Data Package Design for Community Survey Data: ecocomDP

Important links:

We started our work on the data package design for community survey data at a workshop in Albuquerque, NM (6-8 June 2017).

The goals of the workshop were to examine the needs of synthesis scientists using community survey data, and to determine the features of a flexible intermediate format for these data. When input data are in a similar format, aggregations and reuse can be greatly accelerated. We began by examining data commonly used in population and community surveys in this workshop.

Work accomplished

We have a full description of our candidate model for the flexible intermediate for ecological community data. Our short name for the model is “ecocomDP”, for “ecological community data design pattern”. The workflow developed is used for a general description of the process EDI is developing, described at our Data package design page. A GitHub repository has been set up to contain the ecocomDP R-code and other material (‘man’, ‘vignettes’, etc) and HTML documentation of the ecocomDP model itself: https://github.com/EDIorg/ecocomDP. Below is a graphic showing all eight data objects in the model and their relationships. Optional tables are greyed out. Four are required; “observation”, “sampling_location”, “taxon” must be populated from primary data. The “dataset_summary” is created and populated from the “observation” table by code. The three primary tables are each linked to an optional table for ancillary information.

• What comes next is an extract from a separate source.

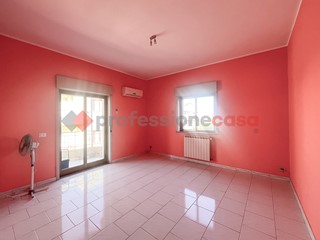 Trilocale in Vendita a San Filippo del Mela, 78'000&euro;, 125 m², con Box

The nesting of sampling locations (e.g., transects within areas) is accomplished by using a self-referencing table, in which a location may have a ‘parent’ which is itself a sampling location in the same table. This mechanism allows observations to be associated with a location at any level, and observations can be aggregated under groups of locations.

An optional “variable_mapping” table holds variable names (string content) with their mappings to URIs in external vocabularies. URIs are essential for retrieving a full description of a variable. We have included a column for the name mapped_system itself (although this may be redundant for URIs) to maintain a consistent table pattern as compared to the taxon table (because taxon-URIs are rare and the name of the mapped system is essential).

ecocomDP
Data objects in the ecocomDP model and their relationships.

 
The general description of the workflow for examples of dataset “Levels” we are using for these workflows can be found at our Data package design overview page. In short, Level 0 (L0) is incoming, or raw data. Level 1(L1) is the same data transformed to the ecocomDP model. Level 2 (L2) is data that has been further transformed or aggregated as needed by synthesis working groups. With a common, flexible intermediate (L1), the transforms for L2 can be greatly streamlined, and even facilitated by EDI.


L0 to L1 Use cases

  1. Data destined for Darwin Core Archives (as L2)
  2. Data ised bu two LTER working groups, “Metacommunities” and “Synchrony”
  3. NEON macroinvertebrate data

L0 >L0 to L1 transformation tools

  1. Cleaning and quality control functions for data objects (in R)
  2. Taxon functions with R-taxize, both for metadata and data values
  3. Templated EML metadata for archiving
  4. We are considering L0-to-L1 translator functions using a template.
    • Template that holds “mappings” between the L0 data and metadata to L1 tables and columns
    • Standardized metadata descriptions for the L1 data objects in ecocomDP
    • R-code to ingest and build L1

Access to NEON data
NEON has created an export view of their macroinvertebrate data in the ecocomDP format (also available in our Git repository).

L0 to L1 Processing queue
EDI has assembled a list of datasets to be candidates for conversion. Work began during the June workshop, and continues.
https://github.com/EDIorg/ecocomDP/tree/master/documentation/processing_queue


L1 discovery and further use
EDI has created code to discover, query, and assemble ecocomDP tables into an aggregate, with R. Clone the git repository at the link above.


Work in progress
Many important L0 data are ongoing research-grade time-series. To track their updates, EDI is creating “event subscriptions” for the repository, and will rerun formatting code to update product L1 packages. This is a potentially transformative activity – access to trusted, up-to-date, research-grade data sources is highly desired by synthesis scientists, policy and decision makers, and yet seldom realized. The ability to rerun automated workflows will advance this need significantly.


Shared findings
With LTER sites and other L0 producers: We gather feedback as we develop tools for this data model. As the tools mature, the dialogue will expand LTER sites, and provide feedback to L0 data creators on the essential data components.

With the LTER NCO: The LTER Network Communications Office (NCO) manages several synthesis working groups, and has interns to assist scientists with data cleansing for their synthesis needs. Their staff are aware of this project, so we will engage them through their scientific programming staff.

Webinar/Video discussion: EDI hosts a series of video teleconferences (VTCs), and we use that venue for updates and feedback on the ecocomDP model and tools. See the EDI Events area.